The Internet as seen from the home user is typically a modem connection into an Internet Service Provider (ISP). The ISP leases a T1 or larger line from a major carrier such as MCI* that actually provides an interface to the Internet backbone. The Internet consists of routers that store in its tables the actual route of the IP addresses going across it. These routers can handle a large amount of traffic but are the primary cause of the latency that a user encounters. During peak hours, this latency can exceed one second or more. And in some cases, latency increases when internet requests time out or packets are dropped.

When the user dials into an ISP, he or she may expect a full 28.8-Kbps connection. This speed is, of course, dependent on the capabilities of the ISP and the quality of the line connection. The actual speed of the connection may be lower in some cases. This connection is, of course, shared with a large number of users who connect through the T1 line. And then the backbone is shared among an even larger number of users.

The destinations for IP requests are servers that respond to the request for a particular packet. The large numbers of requests that come in can overwhelm any server. Any popular site can experience server busy messages, depending on the load currently displayed to the user. For channels, it is important that server technologies being used are scaleable. For channel developers, it is important to understand the limitations of the Internet to determine what rich multimedia data types can be realistically delivered over the Internet.

The consumer has a variety of options (in some cases) for connecting to the Internet. These options include 14.4- to 56.6-Kbps modems. New technologies are emerging that provide higher bandwidth for the end user. These technologies include cable modems, satellite and ADSL. All promise to deliver high-bandwidth pipes to the consumer that should ultimately benefit channels.

 

 

Figure F-1: Future Internet connections to the home

A majority of the modems currently connected to the Internet run at 28.8 Kbps. Newer 56-Kbps modems are widely available but require support at the ISP level. This effectively doubles the potential bandwidth for users dialing into the Internet over standard phone lines. The actual modem bandwidth is highly dependent on the quality of the phone connection and the availability of the higher speed modem at the ISP. Modem speeds can drop down to 19.2 Kbps or lower. The effective bandwidth can be somewhat lower, depending on network traffic at the time. Internet traffic at peak times during the day tends to occur in bursts and can further limit effective bandwidth.

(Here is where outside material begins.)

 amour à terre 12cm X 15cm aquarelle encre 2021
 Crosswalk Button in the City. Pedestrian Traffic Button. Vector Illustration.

Given a 28.8-Kbps modem connection, the user can receive very limited video and good-quality audio in real time over the Internet. Most Internet Web sites are limited to 2D graphics with text. Video is restricted to 160x120 with low frame rates. Audio is somewhat better, with quality that approaches what one gets with FM radio. This type of audio is good for live concerts and interviews with band members. This limitation can be overcome with push servers to increase the size of assets that are delivered, since this is done in the background. However, applications can benefit greatly with better quality audio, video, 3D and graphics delivered on storage media such as CD-ROM and DVD-ROM. Some emerging technologies may increase the bandwidth available on the Internet. ADSL is one of these higher bandwidth solutions becoming available for the home.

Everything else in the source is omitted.